[Dataset records]
::::
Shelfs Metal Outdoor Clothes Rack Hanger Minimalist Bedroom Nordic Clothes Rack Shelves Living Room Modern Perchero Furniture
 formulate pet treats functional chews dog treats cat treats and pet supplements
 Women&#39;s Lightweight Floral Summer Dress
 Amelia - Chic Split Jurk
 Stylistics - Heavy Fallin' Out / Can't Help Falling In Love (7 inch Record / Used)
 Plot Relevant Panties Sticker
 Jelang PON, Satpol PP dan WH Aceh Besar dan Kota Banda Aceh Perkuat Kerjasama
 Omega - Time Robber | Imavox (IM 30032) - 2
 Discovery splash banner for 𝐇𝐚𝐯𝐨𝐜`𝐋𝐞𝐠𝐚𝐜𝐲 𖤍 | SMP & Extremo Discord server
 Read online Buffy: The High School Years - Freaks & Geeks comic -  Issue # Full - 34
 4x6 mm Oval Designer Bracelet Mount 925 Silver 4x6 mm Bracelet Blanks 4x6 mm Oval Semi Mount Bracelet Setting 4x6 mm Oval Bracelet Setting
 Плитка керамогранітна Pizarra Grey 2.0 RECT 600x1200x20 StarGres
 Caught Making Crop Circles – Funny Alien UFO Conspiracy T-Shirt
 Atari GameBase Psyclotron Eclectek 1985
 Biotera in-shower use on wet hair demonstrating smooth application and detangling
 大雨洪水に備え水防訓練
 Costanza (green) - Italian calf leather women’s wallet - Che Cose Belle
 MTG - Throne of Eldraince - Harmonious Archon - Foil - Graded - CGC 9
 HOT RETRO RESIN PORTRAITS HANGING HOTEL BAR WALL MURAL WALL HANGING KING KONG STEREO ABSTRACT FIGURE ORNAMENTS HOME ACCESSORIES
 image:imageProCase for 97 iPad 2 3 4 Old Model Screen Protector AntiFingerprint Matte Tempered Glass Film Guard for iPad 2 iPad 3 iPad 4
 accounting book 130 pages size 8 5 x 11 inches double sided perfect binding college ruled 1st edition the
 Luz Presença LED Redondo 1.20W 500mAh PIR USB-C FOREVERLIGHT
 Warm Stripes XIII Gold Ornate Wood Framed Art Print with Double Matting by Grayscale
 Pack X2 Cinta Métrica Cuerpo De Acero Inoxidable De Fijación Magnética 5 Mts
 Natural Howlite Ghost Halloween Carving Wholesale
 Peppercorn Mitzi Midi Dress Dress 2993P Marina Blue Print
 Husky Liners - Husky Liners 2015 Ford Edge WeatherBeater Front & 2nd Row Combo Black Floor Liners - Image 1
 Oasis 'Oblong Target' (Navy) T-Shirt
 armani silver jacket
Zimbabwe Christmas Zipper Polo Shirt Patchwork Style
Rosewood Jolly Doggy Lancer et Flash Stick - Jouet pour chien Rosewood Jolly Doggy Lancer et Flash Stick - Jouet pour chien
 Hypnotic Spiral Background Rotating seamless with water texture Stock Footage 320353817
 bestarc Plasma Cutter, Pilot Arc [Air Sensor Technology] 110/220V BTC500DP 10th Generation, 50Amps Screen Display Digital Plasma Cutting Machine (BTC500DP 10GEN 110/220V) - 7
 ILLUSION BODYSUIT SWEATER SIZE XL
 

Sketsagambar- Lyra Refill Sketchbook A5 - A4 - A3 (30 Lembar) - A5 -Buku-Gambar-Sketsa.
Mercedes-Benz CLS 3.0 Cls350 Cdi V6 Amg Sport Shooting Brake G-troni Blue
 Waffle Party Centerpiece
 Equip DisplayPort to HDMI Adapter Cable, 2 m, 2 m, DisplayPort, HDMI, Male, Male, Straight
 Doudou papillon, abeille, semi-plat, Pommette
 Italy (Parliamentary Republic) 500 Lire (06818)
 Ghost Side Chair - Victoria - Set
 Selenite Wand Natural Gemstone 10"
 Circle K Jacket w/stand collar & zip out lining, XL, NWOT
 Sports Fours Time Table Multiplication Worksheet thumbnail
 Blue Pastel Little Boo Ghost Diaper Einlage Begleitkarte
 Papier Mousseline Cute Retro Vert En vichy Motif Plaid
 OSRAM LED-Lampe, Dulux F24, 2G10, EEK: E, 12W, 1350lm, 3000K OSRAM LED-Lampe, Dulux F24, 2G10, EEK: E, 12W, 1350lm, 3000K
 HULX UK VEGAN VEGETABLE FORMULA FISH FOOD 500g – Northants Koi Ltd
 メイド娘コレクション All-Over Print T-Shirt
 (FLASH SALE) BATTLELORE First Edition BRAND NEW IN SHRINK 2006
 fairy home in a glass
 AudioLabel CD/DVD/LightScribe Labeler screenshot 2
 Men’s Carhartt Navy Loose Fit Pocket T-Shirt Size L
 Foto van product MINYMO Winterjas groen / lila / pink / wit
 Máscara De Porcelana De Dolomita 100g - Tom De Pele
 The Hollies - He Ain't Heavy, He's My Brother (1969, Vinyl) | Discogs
::::
**EXERCISE AIM:**
Transcribe, word for word, the data above from its first line through the line with "Peppercorn Mitzi Midi", and include nothing else.

**YOUR RESPONSE:**
Shelfs Metal Outdoor Clothes Rack Hanger Minimalist Bedroom Nordic Clothes Rack Shelves Living Room Modern Perchero Furniture
 formulate pet treats functional chews dog treats cat treats and pet supplements
 Women&#39;s Lightweight Floral Summer Dress
 Amelia - Chic Split Jurk
 Stylistics - Heavy Fallin' Out / Can't Help Falling In Love (7 inch Record / Used)
 Plot Relevant Panties Sticker
 Jelang PON, Satpol PP dan WH Aceh Besar dan Kota Banda Aceh Perkuat Kerjasama
 Omega - Time Robber | Imavox (IM 30032) - 2
 Discovery splash banner for 𝐇𝐚𝐯𝐨𝐜`𝐋𝐞𝐠𝐚𝐜𝐲 𖤍 | SMP & Extremo Discord server
 Read online Buffy: The High School Years - Freaks & Geeks comic -  Issue # Full - 34
 4x6 mm Oval Designer Bracelet Mount 925 Silver 4x6 mm Bracelet Blanks 4x6 mm Oval Semi Mount Bracelet Setting 4x6 mm Oval Bracelet Setting
 Плитка керамогранітна Pizarra Grey 2.0 RECT 600x1200x20 StarGres
 Caught Making Crop Circles – Funny Alien UFO Conspiracy T-Shirt
 Atari GameBase Psyclotron Eclectek 1985
 Biotera in-shower use on wet hair demonstrating smooth application and detangling
 大雨洪水に備え水防訓練
 Costanza (green) - Italian calf leather women’s wallet - Che Cose Belle
 MTG - Throne of Eldraince - Harmonious Archon - Foil - Graded - CGC 9
 HOT RETRO RESIN PORTRAITS HANGING HOTEL BAR WALL MURAL WALL HANGING KING KONG STEREO ABSTRACT FIGURE ORNAMENTS HOME ACCESSORIES
 image:imageProCase for 97 iPad 2 3 4 Old Model Screen Protector AntiFingerprint Matte Tempered Glass Film Guard for iPad 2 iPad 3 iPad 4
 accounting book 130 pages size 8 5 x 11 inches double sided perfect binding college ruled 1st edition the
 Luz Presença LED Redondo 1.20W 500mAh PIR USB-C FOREVERLIGHT
 Warm Stripes XIII Gold Ornate Wood Framed Art Print with Double Matting by Grayscale
 Pack X2 Cinta Métrica Cuerpo De Acero Inoxidable De Fijación Magnética 5 Mts
 Natural Howlite Ghost Halloween Carving Wholesale
 Peppercorn Mitzi Midi Dress Dress 2993P Marina Blue Print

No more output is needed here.